His 2018 return to Chapel Hill offered a reconnection to past success under a rejuvenated Brown, coming as UNC had lost 21 of 27 games under Larry Fedora.

The SEC’s losses were almost everyone else’s gain in the College Football Playoff rankings, with SMU nudging its way into the top 12 and Indiana staying in the mix at No. 10 despite a lopsided loss of its own.

The 12-team bracket released Tuesday placed undefeated Oregon on top for the fourth straight week. It did not include Alabama or Mississippi of the SEC, both of which suffered their third losses of the season last week.

That helped place SMU in the ninth spot, joining No. 6 Miami to give the ACC two teams in the 12-team bracket.

All eyes were on Indiana, and how harshly the committee would penalize the Hoosiers for their first loss of the season, a 38-15 thumping by No. 2 Ohio State. The Hoosiers fell just five spots.

The committee wasn’t nearly as generous to the Big 12. Losses by its top two teams — BYU and Colorado — vaulted Arizona State, which beat BYU, into the 12th and final spot in the bracket.

Boise State of the Mountain West was ranked 11th.

SEC leader Texas was ranked third.

Alabama dropped six spots to No. 13 and Ole Miss dropped five spots to No. 14.

Other rankings: No. 4 Penn State, No. 5 Notre Dame, No. 7 Georgia, No. 8 Tennessee.

Men’s basketball

Andrej Jakimovski converted an off-balance layup with 8 seconds left, and Colorado handed No. 2 UConn its second loss in two days at the Maui Invitational, beating the two-time defending national champion 73-72.

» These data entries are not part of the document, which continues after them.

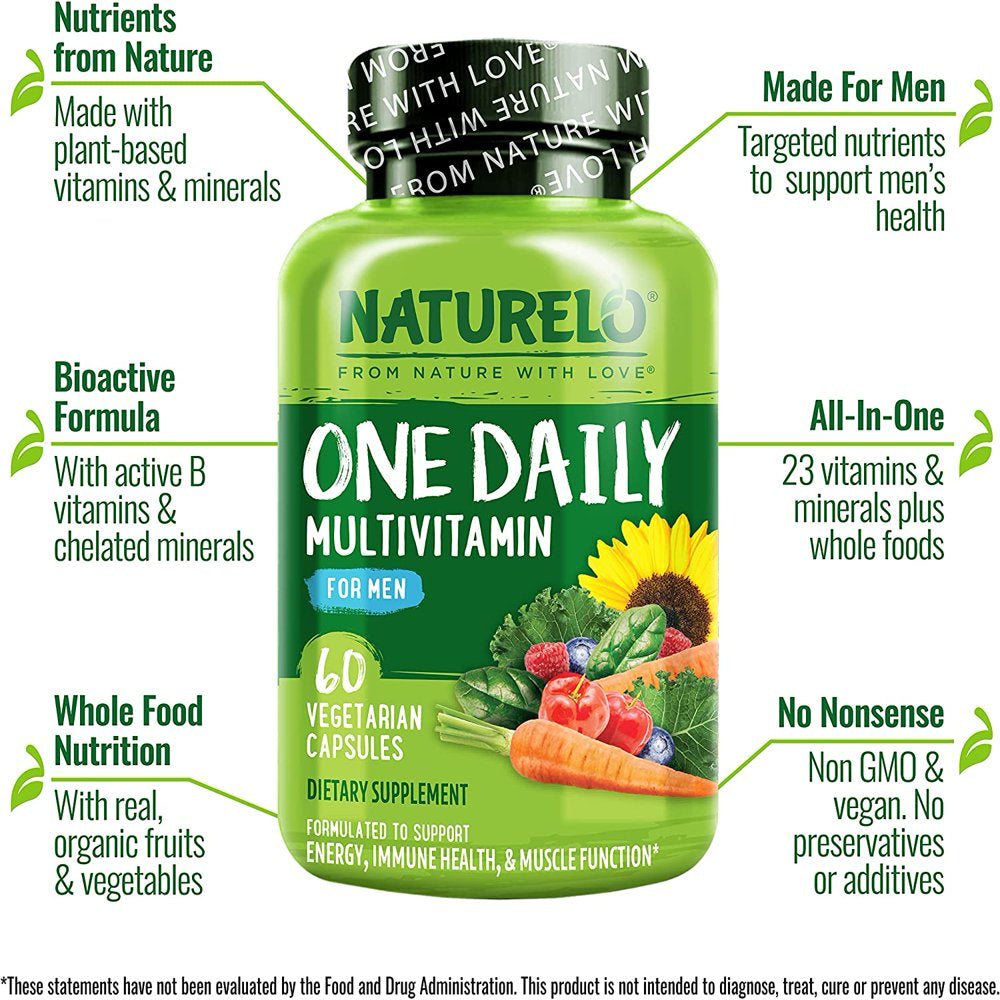 NATURELO One Daily Multivitamin for Men 50+ - with Vitamins & Minerals + Organic Whole Foods - Supplement to Boost Energy, General Health - Non-Gmo - 60 Capsules | 2 Month Supply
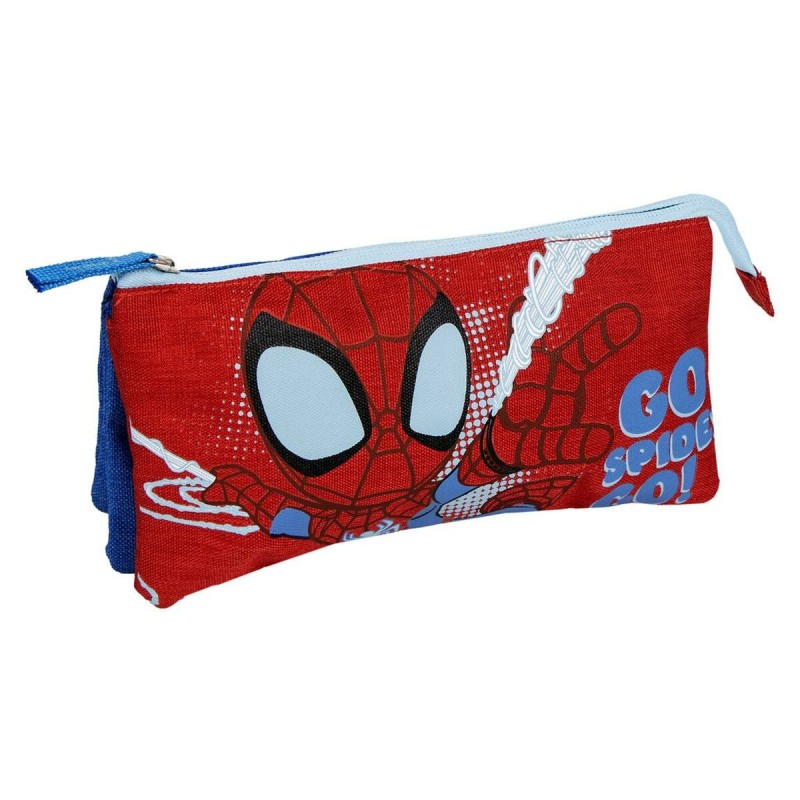 Dreifaches Mehrzweck-Etui Spidey Rot 22 x 12 x 2 cm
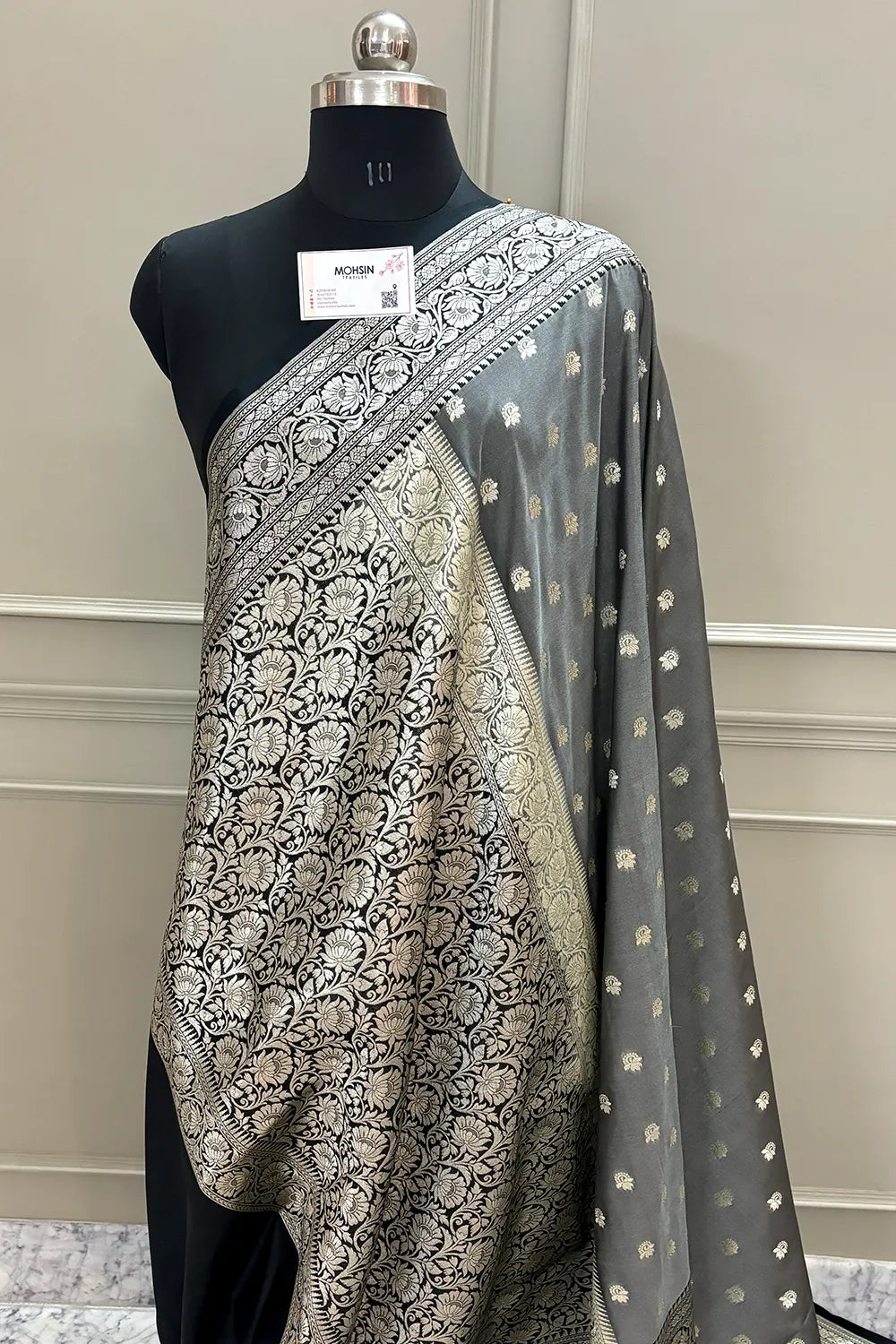 Grey and Black Ghonga Buti Katan Silk Banarasi Saree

A day after a 99-97 overtime loss to Memphis, UConn (4-2) couldn’t shake the unranked Buffaloes (5-1), who shot 62.5% in the second half.

With Colorado trailing 72-71 in the closing seconds, Jakimovski drove to his right and absorbed contact from UConn’s Liam McNeeley. He tossed the ball toward the glass and the shot was good as he fell to the floor. Hassan Diarra missed a 3-pointer just ahead of the buzzer for UConn, which led by nine early in the second half.

SOCCER

St. Louis City SC hired former Aston Villa defender Olof Mellberg as its coach.

The 47-year-old Mellberg, who made more than 100 appearances for Sweden’s national team, will replace Bradley Carnell, who was fired by the MLS club in July. John Hackworth had been serving as interim manager.

St. Louis City made the playoffs in its inaugural 2023 season, but was just 8-13-13 in MLS play this year.

Robert Lewandowski joined Cristiano Ronaldo and Lionel Messi as the only players in Champions League history with 100 or more goals.

Lewandowski’s early penalty kick started Barcelona off to a 3-0 win over previously unbeaten Brest. The Poland striker added goal No. 101 in second-half stoppage time.

Ronaldo leads the all-time scoring list with 140 goals and Messi is next with 129. But neither play in the Champions League anymore.